The imperialist war had greatly accelerated the process of turning monopoly capitalism into state monopoly capitalism, which is the material preparation or threshold for socialism. “The objective process of development is such,” wrote Lenin, “that it is impossible to advance from monopolies . . . without advancing toward socialism. . . . There is no middle course. . . . Socialism is now gazing at us from all the windows of modern capitalism; socialism is outlined directly, practically, by every important measure that constitutes a forward step on the basis of this modern capitalism” (ibid., pp. 192–93).

According to Lenin, the first steps to socialism that the proletariat should take on coming to power included control of the production and distribution of products, nationalization of all the nation’s banks and major capitalist monopolies, confiscation of landlords’ estates, and nationalization of all land in the nation. In addition, he formulated the task of the proletariat and its party for the longer historical period— namely, to catch up with and surpass the economically advanced capitalist nations. “The revolution.” Lenin pointed out, “has resulted in Russia catching up in a few months with the advanced countries, as far as her political structure is concerned. But that is not enough. The war is inexorable: it puts the alternative with ruthless severity: either perish or overtake and surpass the advanced countries economically as well .... Perish or forge full steam ahead. That is the alternative put by history” (ibid., p. 198).

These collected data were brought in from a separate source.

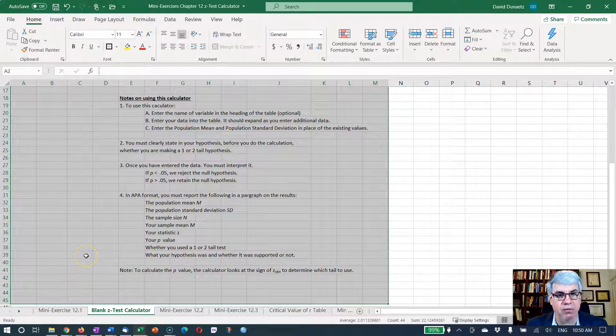How do we use the Z-test calculator? Down here I've got notes on using it. First, enter the name of the variable in the heading of the table — this is optional but a good idea. We're going to call this 'attendance' since that's what we're measuring over four weeks. Let me make the column a little wider. Second, enter our data into the table. I'm going to go up to the table, highlight the four Sundays of data, and copy it.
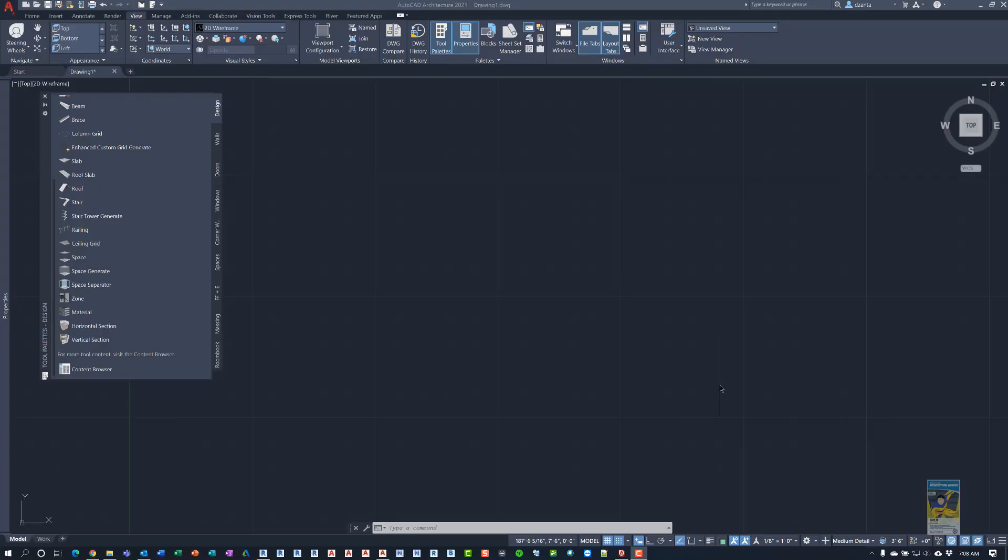Welcome everyone. This is Zonta with Repo Products. Today's video is based upon a request by an end user. The person wants me to create a video that talks about how to create a custom catalog and then publish it on a network drive location, as well as creating a tool palette from the catalog library.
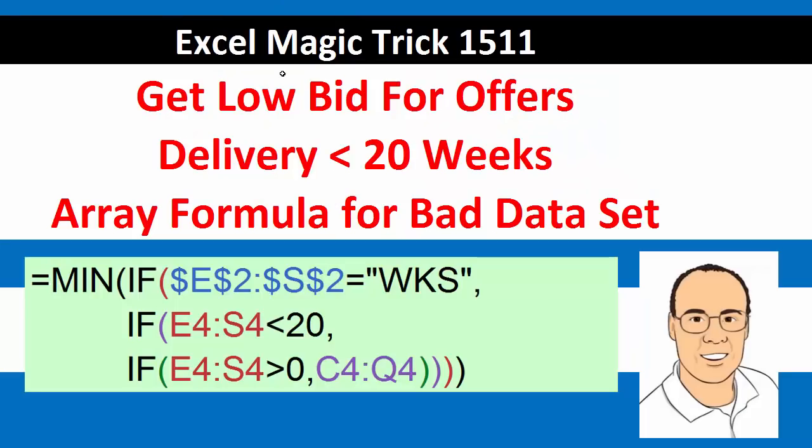Welcome to Excel Magic Trick number 1511. In this video, we're going to see how to get the low bid for offers when the delivery time is less than 20 weeks.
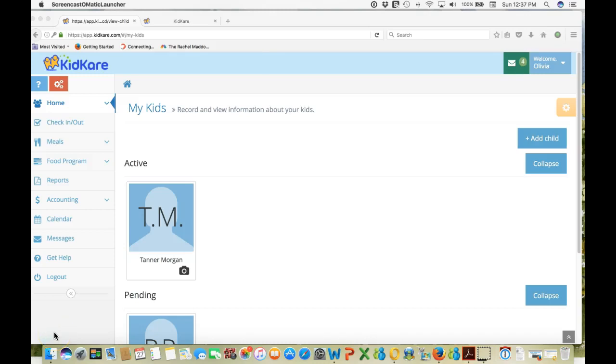Hello, I'm Tom Copeland, trainer, writer, and advocate for the business of family childcare. Welcome to this instructional video to the new KidCare online software program. KidCare was formerly known as MinuteMenu.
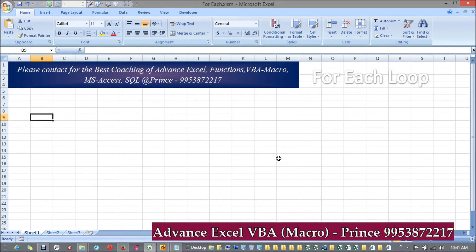Hi guys, my name is Prince Reti and today we are going to do the For Each loop in VBA. I think it's the best loop in VBA. Earlier we did the For loop where we have a starting number and a definite end number, but when you are dealing with a collection, the concept of initial value and final value isn't meaningful, and you don't necessarily know how many elements the collection has. In this kind of case, the For Each loop is the best loop.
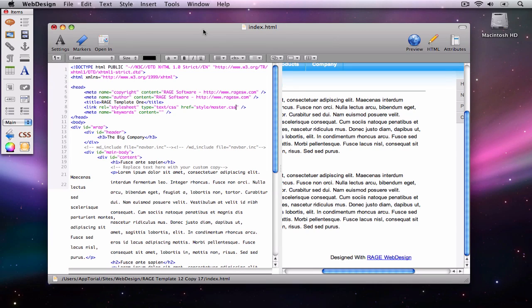The meta keywords attribute has been around for quite some time. Unfortunately, too many webmasters were using this feature incorrectly by adding keywords that were unrelated to the content on their site.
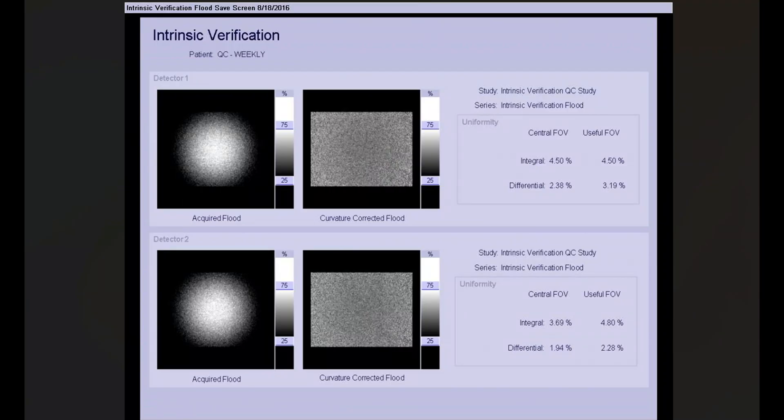Whenever we're doing our flood images, we need to make sure we're looking at the intrinsic criteria for intrinsic floods and the extrinsic criteria for extrinsic floods. Again, these are for 10 million count floods and apply to the intrinsic or extrinsic verification — not the calibration. The calibration criteria are different, in the 7 to 10 percent range, and we'll cover that shortly. Now let's look at some actual images. Here we have an intrinsic verification from a Siemens Symbia.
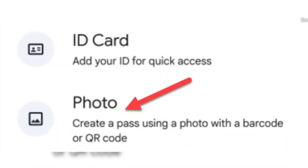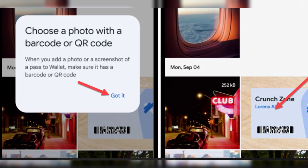Enter a name and description for your pass, then tap Add. Review the digital version of the pass and tap X to return to the main menu. Your pass will now be available in the All Passes section of the app.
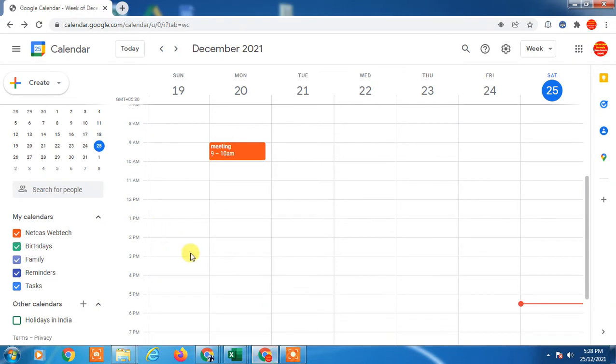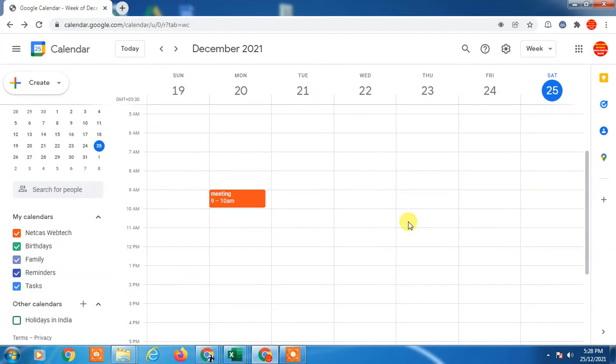So let's start with the video. Here you can see I have created one meeting or you can say event here. If you want to change the event color, you have to find out the calendar first.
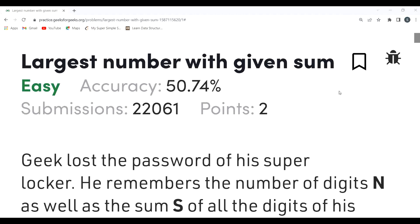Hi everyone, hope y'all are doing extremely well. Today in this video we'll be solving the problem of the day on the GeeksForGeeks platform. Today's problem is 'Largest Number with Given Sum'. As usual, first we'll be understanding the problem statement, then the logic part, and then we'll be proceeding to the coding part.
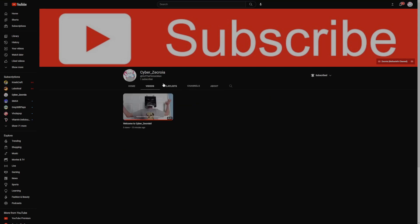We actually just premiered our first video not that long ago, Welcome to CyberZecroia. So yeah, go and check it out. It's pretty cool. We're going to have a lot of fun, and we're going to be uploading a video on it soon. Maybe today, maybe tomorrow. I don't really know. Bye.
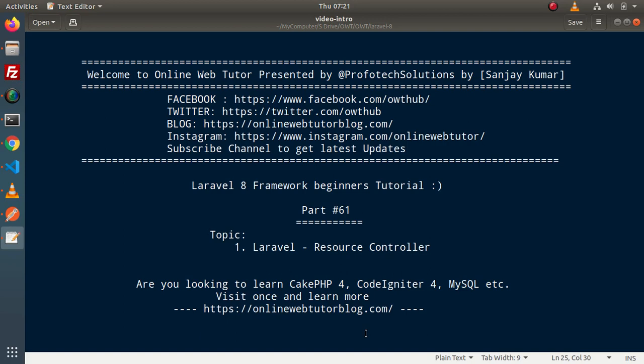Hello guys. Welcome to Online Web Tutor. I am Sanjay. We are learning Laravel framework tutorial. This is part 61. Inside this video, we will discuss about resource controller.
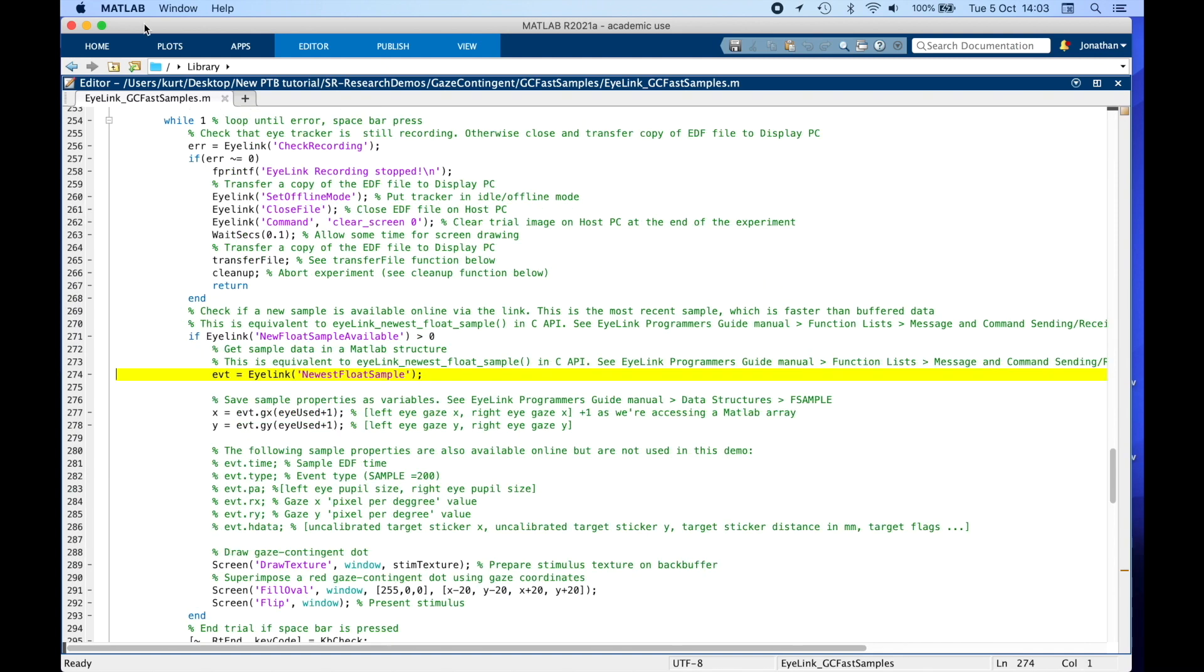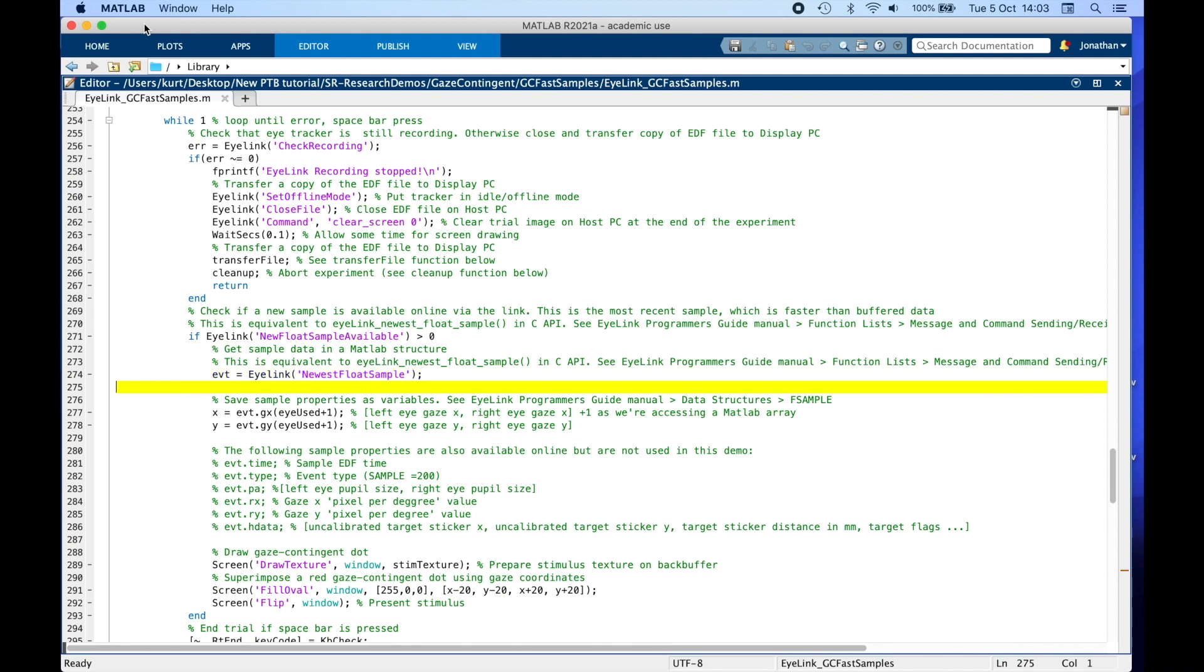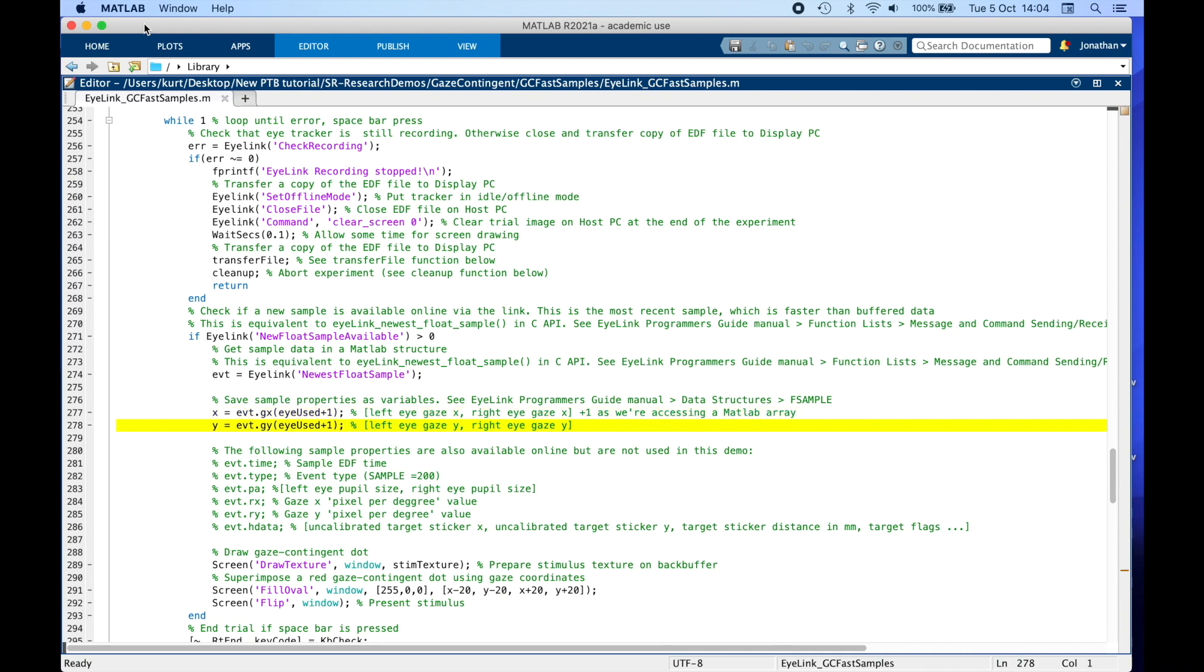For this demo, we are interested in retrieving gaze, so we require GX and GY. As soon as we get a sample, we can save the structure as EVT and access gaze position as EVT.GX and EVT.GY at every iteration of the while loop. Here we are retrieving gaze for the eye we want, via the eye used variable we created earlier to index the gaze data array. We are saving the gaze position in the variable X and Y, which are the gaze X and Y coordinates.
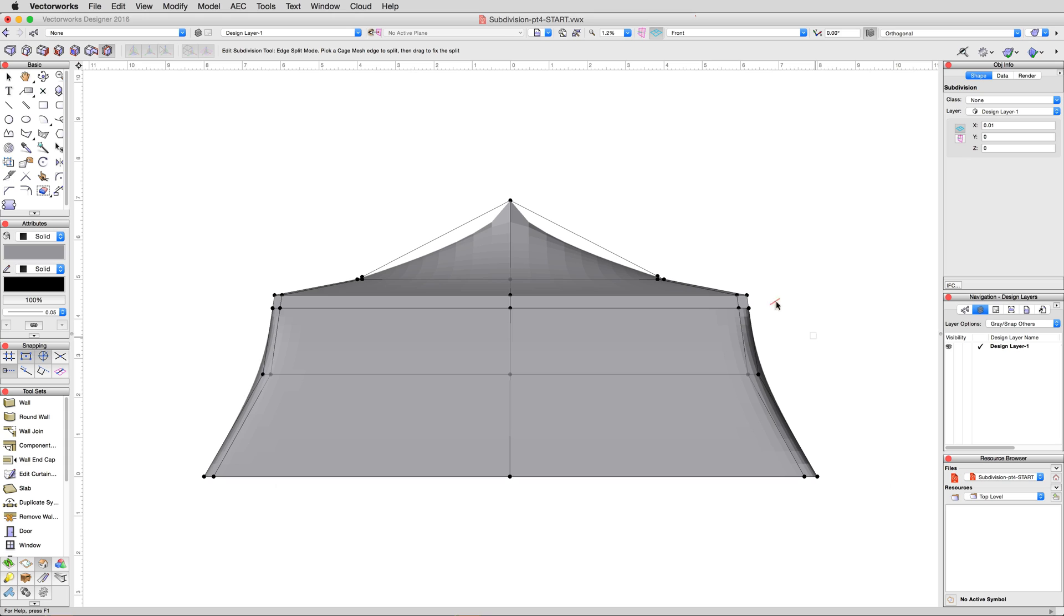Our tent is shaping up nicely. Now to focus on the top. Do you see where the faceting increases right at the point? This is because there is so little cage geometry near the top that the facets on the model are stretched thin.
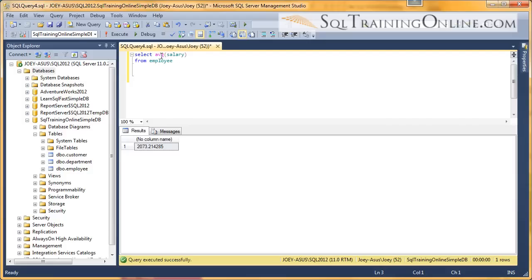So now we can use the round function. The round function is going to do exactly what you think — it's going to round to the number of digits that you specify after the decimal.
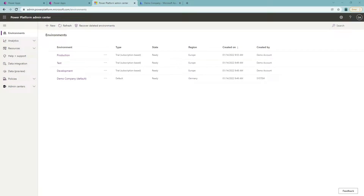Hello everyone. Today I'm going to show you how to create app registration in Azure Active Directory for the Dynamics 365 platform. In addition to this, I'm going to explain how to enable automatic deployment of Dynamics using this app registration. I know this is not the most exciting topic, but it can be quite difficult to manage Microsoft's way of registering the application and enabling automatic deployments of your solution between different environments.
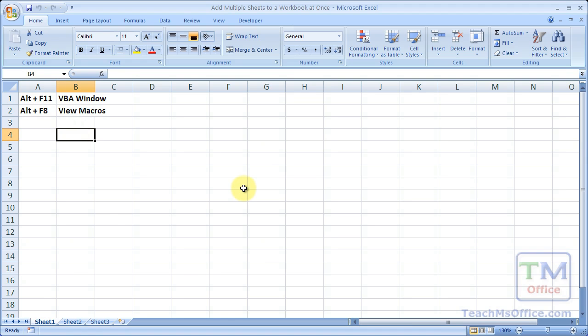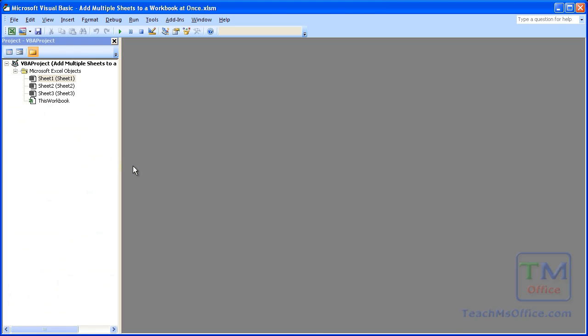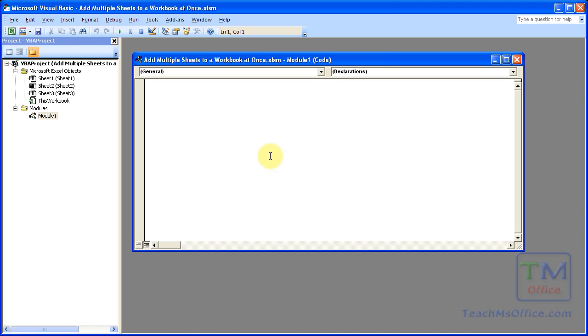So down here, let's go ahead and add some worksheets and some chart sheets. Alt-F11 to get to the VBA window. Insert a module.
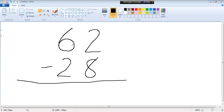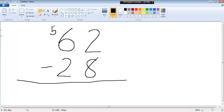So it has to borrow from 6 a 1. 6 turns into a 5, and 2 gets that 1 as a 10, turns into a 12.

Lenin’s work armed the Bolshevik Party with a clear plan for saving the nation from the impending economic catastrophe. In the work Lenin posed the historic task of a fundamental transformation of Russia—of overcoming Russia’s lag behind the advanced capitalist nations in economic terms and turning the country into a developed and powerful socialist state. Lenin’s work played an enormous role in preparing the Russian working class and its party for the socialist revolution. After the victory of the October Revolution, the work became a basic document of the Bolsheviks in their struggle for the complete and final victory of socialism. Lenin’s work is a guide to action for the Communist and worker’s parties of the socialist nations, which are struggling to build a developed socialist society. The Communists of the capitalist nations are guided in their struggle for democracy and socialism by the ideas in the book and the Leninist principles of analyzing a concrete historical situation.